It is common for people now to check their email or messages or Facebook dozens of times a day. I have read that the average (young) person looks at their phone over 250 times a day. Fear. An impossible treadmill.

What is the actual benefit of that to you?

Virtual living

The virtual world has become a surrogate life for many people. But it is a poor substitute. Real life is happening in the real world. The things we do do not require a Like or an upvote to be significant. The world does not need a smiling selfie of you to make an event important.

I read that most people spend most of their time everyday consuming media. These are packaged experiences being fed to us to entertain us. Sounds like the Matrix or other dystopian science fiction. Wouldn’t it be healthier to be out exploring on our own? Wouldn’t it be healthier to create our own adventures?

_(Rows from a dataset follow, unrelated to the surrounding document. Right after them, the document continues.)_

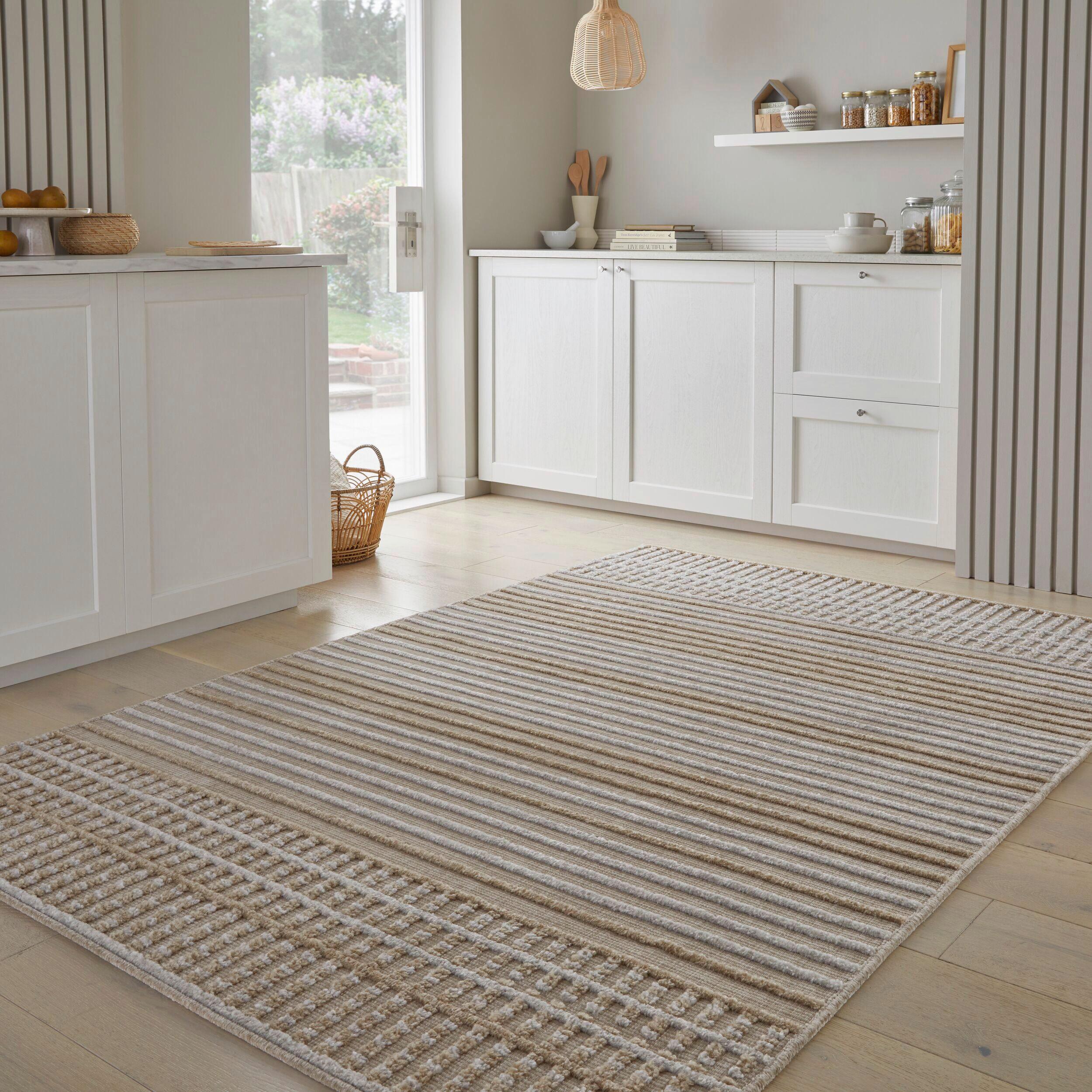 Webteppich Elton Stripe Wash Beig 200x320 - Beige, Basics, Textil (200/320cm)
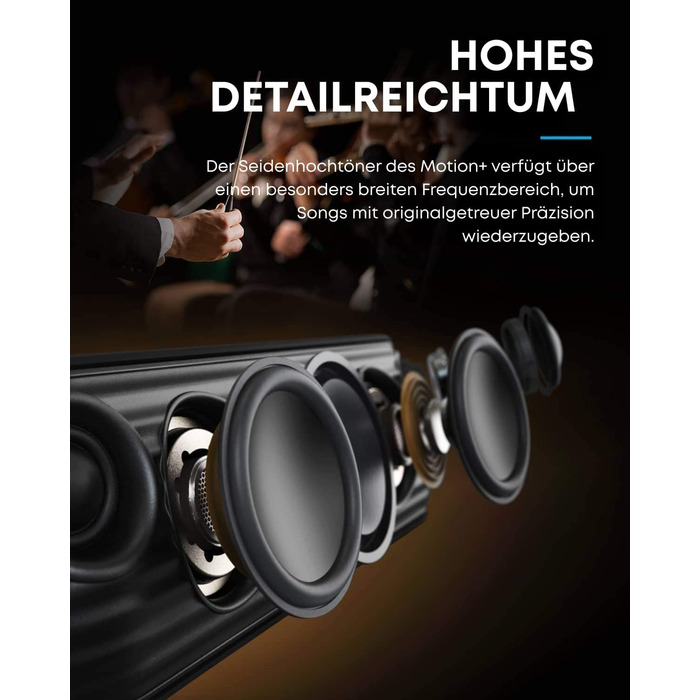 Soundcore Motion+ Портативна Bluetooth Колонка HiFi 30W, Глибокий Бас, IPX7, 12h, USB-C, App, Чорний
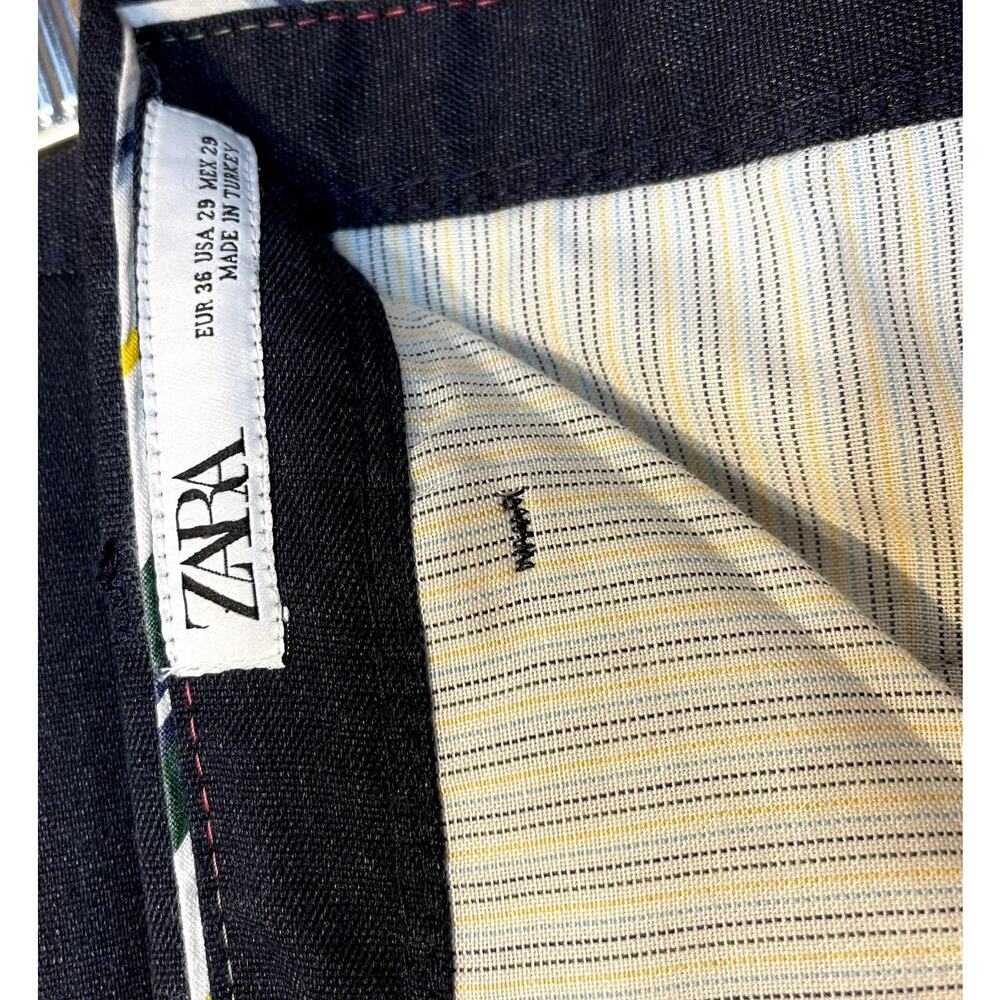 Zara Man Basic Flat Front Dark Navy Blue Straight… - image 8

Living in the collective means we lose the ability to think and feel and plan for ourselves.

Missing out on life

I readily admit to being neither a fan or a user of Facebook or most other social media. While I see some benefits of connection with long lost friends or relatives, the downside is the addictive power it has in many people’s lives and the amount of information they accumulate about us.

First, make a life worth living. Then spend a little time telling other people about it. If we don’t have the discipline to unplug and be independent we should treat this as any other type of dangerous addiction, like alcoholism. ‘Hello, my name is [____] and I am a Facebook addict.”

Embracing my ADD

I readily admit I am probably ADD. I accept it and live with it. Even more, I embrace it for the positive aspects it brings me.

I have a bottomless curiosity. I will take “side trips” anytime to explore things I do not know. Because I have always done this and learned new things, I have a large base of knowledge. That makes it easier to build on and connect the dots as Steve Jobs said.

I hate passing by a road if I don’t know where it goes. I really like to find out what is around the corner or over that next hill. When you look for them, interesting things are everywhere. Learning to see takes practice. Perhaps my ADD, if I have it, makes that easier for me. No matter the reason, I love that and am thankful for it.

I fear that younger people coming up will not have that curiosity and drive. I fear they may lose the ability to even look around and see the world for what it is or to live as an independent being. That will be a great loss for all of us. The benefits from the always connected, media driven world are not worth losing touch with the real world around us.

I encourage each of us to have the courage to think for ourselves. Learn to be alone in our own head occasionally. Inside is our spirituality. Inside is where creativity comes from. Step out of the hamster cage and see the Matrix.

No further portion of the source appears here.